Gerçekten paramız çok değersiz ve fiyat algımız kaybolmuş durumda. Geçen gün evdeki küçük bir tamir işi için fiyat istediğimde karşıma çıkan fiyatlar arasındaki uçurum gerçekten şaşırtıcı idi. Aynı işe 1000 TL isteyen de vardı 5000 TL’de.
Bu kadar uçurum nasıl olur? 5000 TL’yi duyduğumda çok da şaşırmadım ama tesadüf bir başkası ile konuşunca kendimi aptal gibi hissetmedim dersem yalan olur.
Bunlar küçük meseleler ama bir de büyük meseleler var. Geçenlerde bir yazımda da belirttiğim gibi yapay zeka çok hızlı gelişiyor ve yakın gelecekte pek çok işi yapay zeka yüklenecek. Düne kadar mavi yakalı meslekler kayboluyordu yakın gelecekte beyaz yakalı meslekler ya tarihe karışacak ya da şekil değiştirecek.
Eğitimle ilgili yazılar yazan birisi olarak çevreme ve gençlere el becerisine dayalı meslekleri önerdiğimde anne babalardan benzer tepkiler alıyorum. İlk tepki “Sen çocuğunu gönderir misin?” oluyor.
Meselenin benim çocuğum olmadığı çok açık ama maalesef bunu anlamak istemiyoruz.
Bu ülkede LGS diye bir sınav var ve bu sınav öğrencilerin %90’ının akademik anlamda gerçek potansiyelini kısmen ortaya koyuyor ama biz nedense devlet olarak da millet olarak da bu gerçeğe sırt dönüyoruz.

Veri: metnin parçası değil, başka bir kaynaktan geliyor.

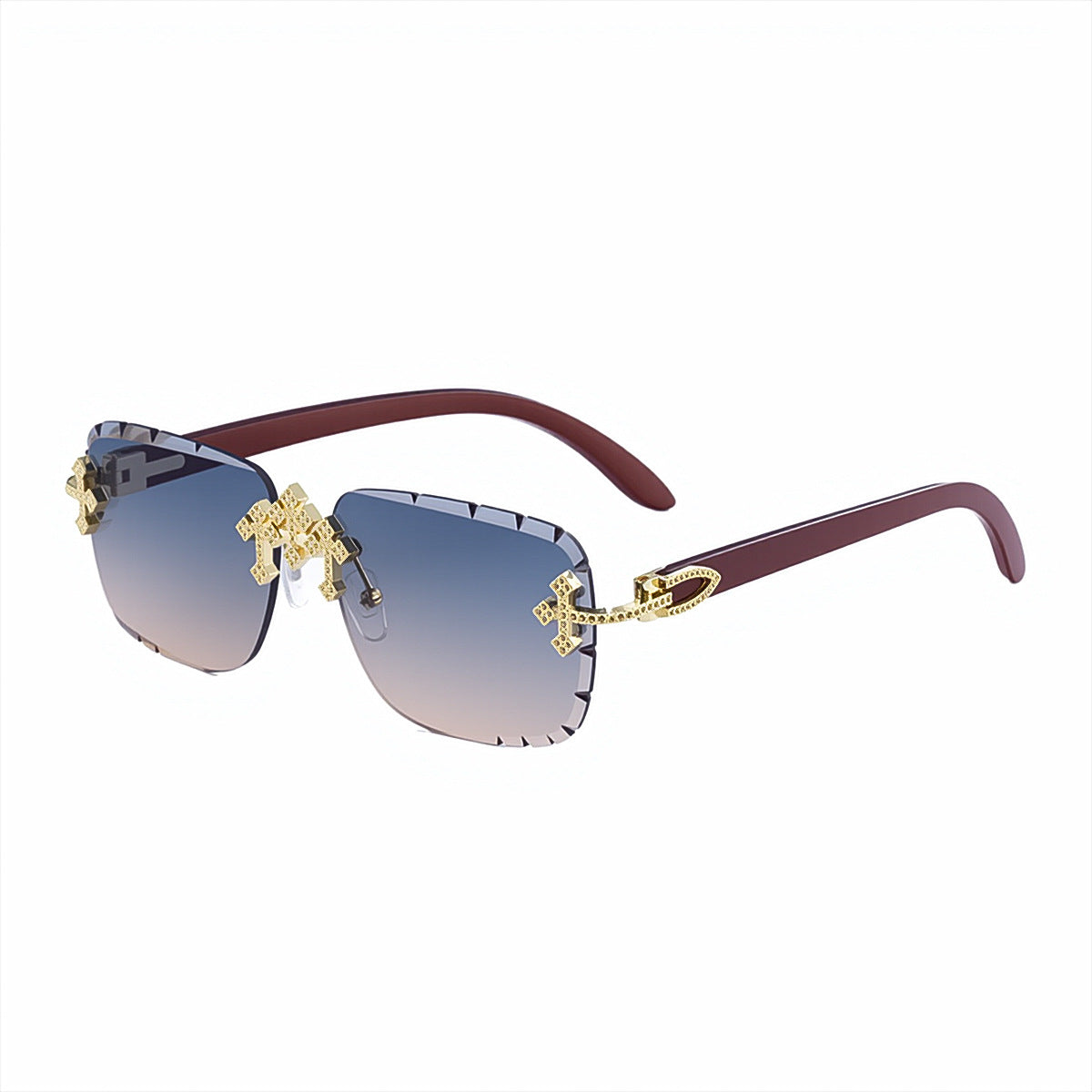 Lunettes de soleil européennes et américaines rétro sans cadre pour les hommes avec des bords diamantés et l'imitation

Mavi gömlekli işleri hor gören ve hamallık sanan bir zihniyete sahibiz. Bu yüzden de önümüzde üniversite diplomalı milyonlarca işsiz var.
Evimizde kombimiz bozulduğunda kombicinin hiçbir iş yapmadan sadece gelmek için 500-1000 Tl servis ücreti, arabamızdaki 2-3 santimlik sürtünme için kaportacının 3-5 bin TL, bozuk sigortayı değiştirmek için elektrikçinin 1-2 bin TL istemesine fena halde bozuluyoruz.
Neden bozuluyoruz ki? Bu işler dün para etmiyordu bugün para ediyor.
Değişen dünyayı da gidişatı da doğru okumak gerekiyor.
Kızıma söylediğim cümle ile bitireyim: “Kızım önünde bir sınav var, sınavdaki başarına göre kaderini sen belirleyeceksin. Belli bir seviyeyi tutturamazsan yapılacak şey belli; kuaför olmak istiyorsan Muhammed abinin yanında, moda tasarımcısı olmak istiyorsan Ayşe teyzenin yanında çırak olarak başlar işi öğrenirsin.”
Israrla akademik eğitime zorlarsak ne olacak? Açık konuşalım dayınız yoksa bugün nasıl yüzbinlerce genç ailelerine dayanarak yaşamaya çalışıyorsa o da öyle yaşayacak.
Çocuklarımıza ayakları üstünde durmalarını sağlayacak becerileri hor görürken farkında olmadan onların geleceğine de zarar verdiğimizi maalesef göremiyoruz.